→ **Entries supplied**

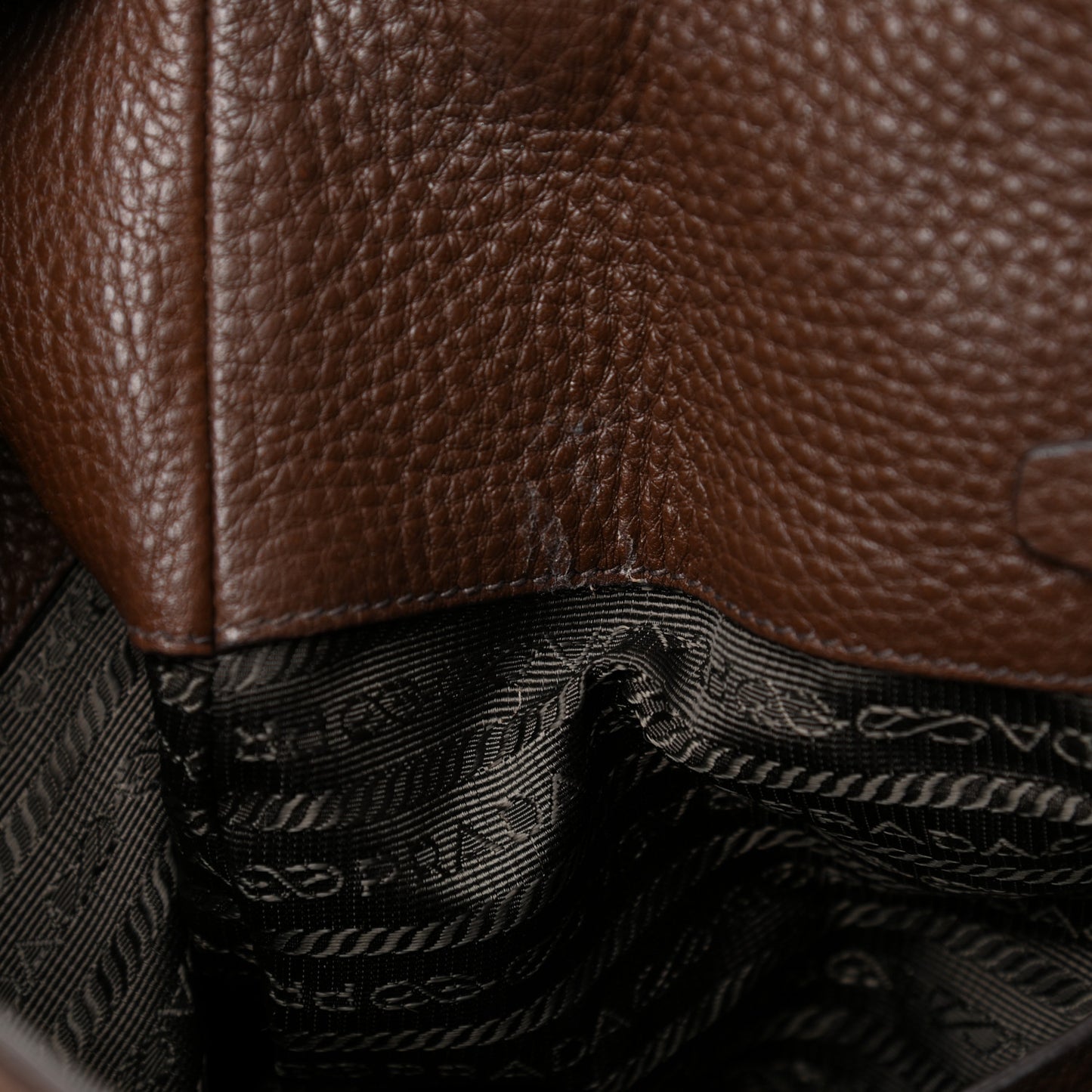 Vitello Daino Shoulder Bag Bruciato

---

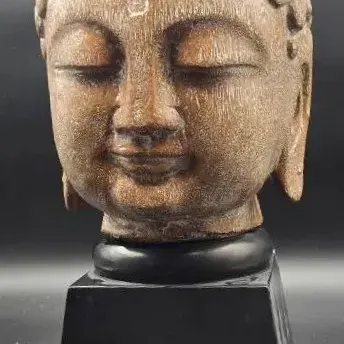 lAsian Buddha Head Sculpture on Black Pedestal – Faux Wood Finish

...

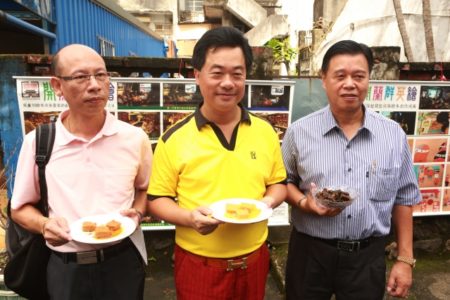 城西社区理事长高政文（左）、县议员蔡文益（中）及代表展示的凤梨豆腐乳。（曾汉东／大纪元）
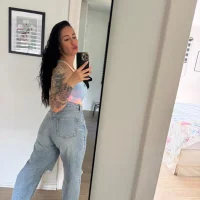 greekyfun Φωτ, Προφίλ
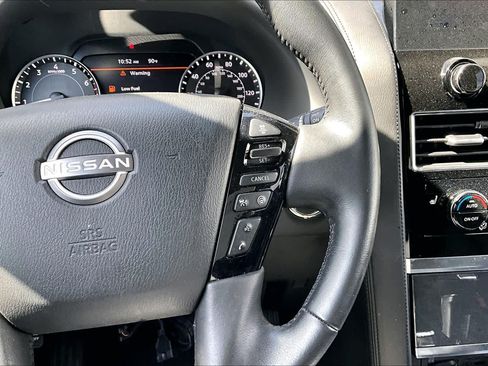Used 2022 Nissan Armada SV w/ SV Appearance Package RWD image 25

→ **Work task**
Exact copy, pictures excluded: from the line with "城西社区理事长高政文（左）、" up to and including the line with "Used 2022 Nissan" in the data above.

→ **Solution for this problem**
 城西社区理事长高政文（左）、县议员蔡文益（中）及代表展示的凤梨豆腐乳。（曾汉东／大纪元）
 greekyfun Φωτ, Προφίλ
Used 2022 Nissan Armada SV w/ SV Appearance Package RWD image 25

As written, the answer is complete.